The victory of the ruling coalition in Sundayʼs Hungarian legislative elections will ensure economic policy continuity, Fitch Ratings said on Monday. In a note released in London, the ratings agency said this will support strong growth this year, but could increase risks of the emergence of macroeconomic imbalances.
Fidesz did not publish a specific policy program ahead of the elections, instead highlighting its record in government since 2010. Fitch therefore expects economic policy continuity, with accommodative fiscal policies in 2018 likely to support the strong cyclical position of the economy, according to a summary by national news agency MTI.
"We forecast growth to remain around 4% this year, partly due to another minimum wage increase," Fitch was cited as saying. "This would be in line with our assumptions when we affirmed Hungaryʼs BBB-/Positive sovereign rating on 9 March."
Fitch said it expects the authorities to keep the general government headline deficit below the EU criterion of 3% of GDP, "which we consider an important policy anchor, over our rating forecast horizon." This, it added, would keep public debt on its downward trajectory, which Fitch forecast would fall to 70% of GDP this year, although adding that this does not include the possible incorporation of Eximbank debt, of around 2 percentage points, into public debt figures.

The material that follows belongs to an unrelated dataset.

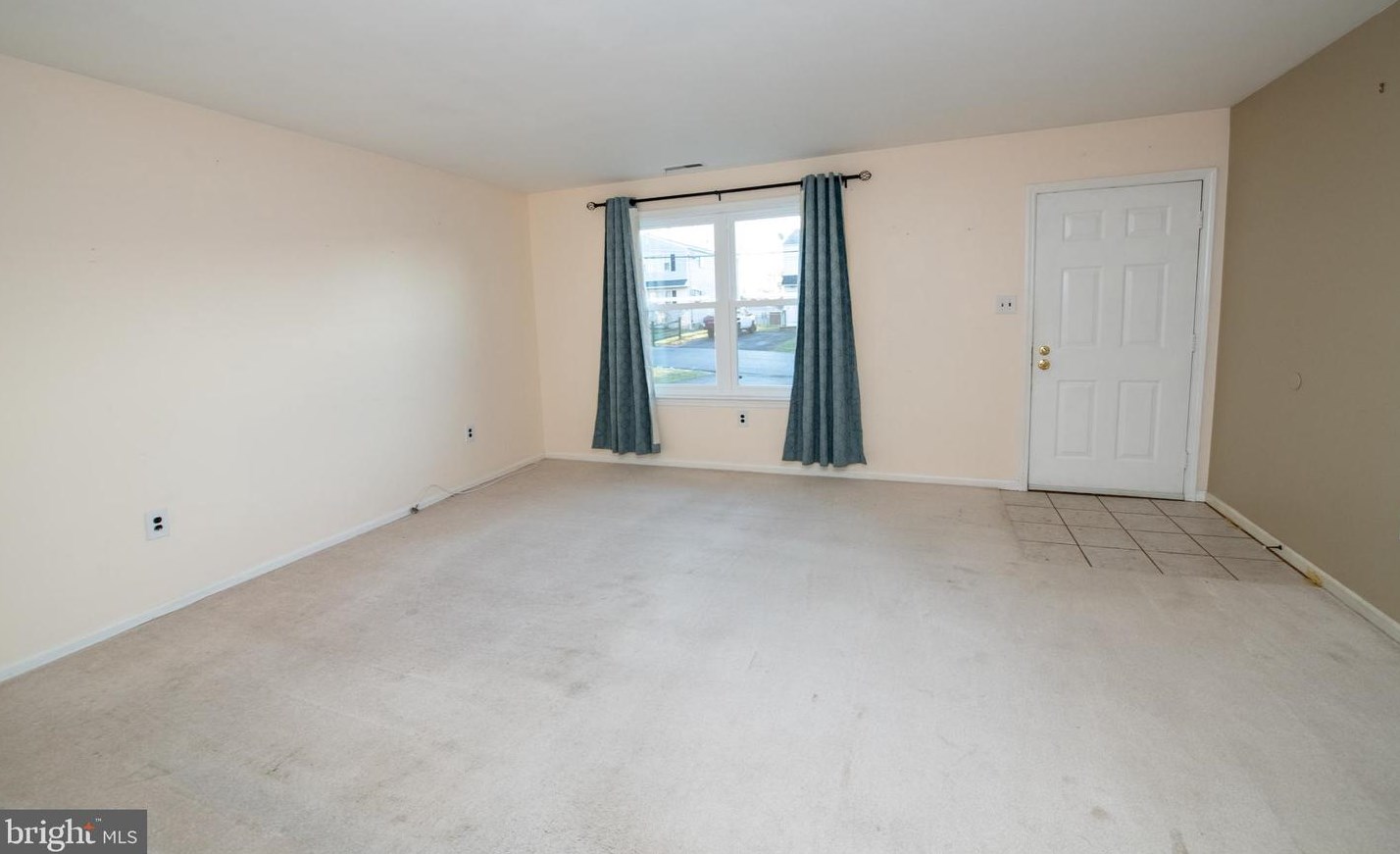 424 Ave A, Horsham PA  19044-2061 exterior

"We believe the central bank will only raise interest rates once inflation is firmly in the upper end of its target of 3% +/-1pp, which is not yet the case," the ratings agency said. "However, we expect policy settings to tighten as the output gap turns positive, and in response to the risk that imbalances emerge in the wake of rapidly rising wages and housing prices. Tighter policy is reflected in our 3% 2019 growth forecast," it added.
In a separate note released on Monday, Capital Economics, a major London-based global financial consultancy, said that a more general economic challenge facing the governing Fidesz-KDNP coalition in its third term is the late stage of the economic cycle.
After several years of rapid economic growth, capacity constraints are starting to mount, it observed. As a result, although inflation has been soft in recent months, it is likely to rise over the course of the coming parliamentary term, it added.
GDP growth is likely to be constrained by Hungaryʼs potential GDP growth rate, which is around 2.0-2.5%, and there is a growing risk that monetary policy is kept too loose for too long, Capital Economics added.